Милорадович при рассыльном же разорвал пакет, прочёл письмо и тут же приказал передать, что желает видеть Манук-бея сегодня и как можно скорее.
Увиделись они в Эрестрее, где будто бы случайно встретились два всадника. Красавец Милорадович свободно и весело восседал на прекрасной, богато убранной кобыле, щегольски одетый, в блестящем генеральском мундире. На шее кресты (и сколько крестов!), на груди звезды, на шпаге горит крупный алмаз. Черты лица выдавали его сербское происхождение. Роскошные перья волновались на высокой шляпе...1 Он, казалось, оделся на званый пир! И Манук-бей, не менее красивый и важный – на любимом вороном коне. Манук замечательно держался в седле, он слыл отменным наездником, любил лошадей и держал большую конюшню. Богато изукрашенные одежды Манука выдавали в нём вельможу восточного двора, но серб по крови Милорадович прекрасно понимал, почему этот армянин с необъяснимой кротостью в глазах, будучи самым богатым боярином в Валахии, имея столько званий и наград от османского двора, держит сторону русских.

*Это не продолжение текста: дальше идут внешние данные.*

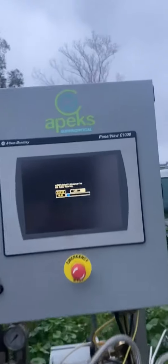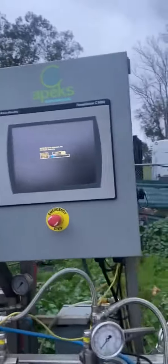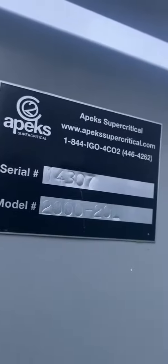This is the Apex Super Critical Transformer Extraction System, high pressure, model number 2000-20L. Here's the unit.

Тайные обсуждения продолжились в доме Филипеску, где в отдельном флигеле расположился русский генерал. Среди множества бумаг у него имелась и карта Журжева. План был тот же, что составили ещё зимой 1808 года. Милорадович был страшно рад, надеясь нанести ощутимый удар с ощутимыми результатами, а Манук-бей, естественно, в случае победы мог быть спокоен и за семью (которую он уже перевёз в Бухарест), и за свои безмерные богатства.
Конечно, надо было постараться перетянуть на свою сторону хотя бы несколько турецких военачальников. Прозоровский из Ясс в середине марта докладывал графу Румянцеву о том, что Лука Кирико ведёт переговоры с некоторыми турецкими командирами. Невзирая на некоторые предрассудки (например, бытующее в русской дворянской среде мнение о том, что лучше не доверять грекам, жидам, армянам и цыганам), Милорадович всегда прислушивался к рекомендациям Манук-бея. Так, только благодаря его вмешательству граф аннулировал приказ о разрушении городов Силистрия и Никополь, что был намерен сделать из мести.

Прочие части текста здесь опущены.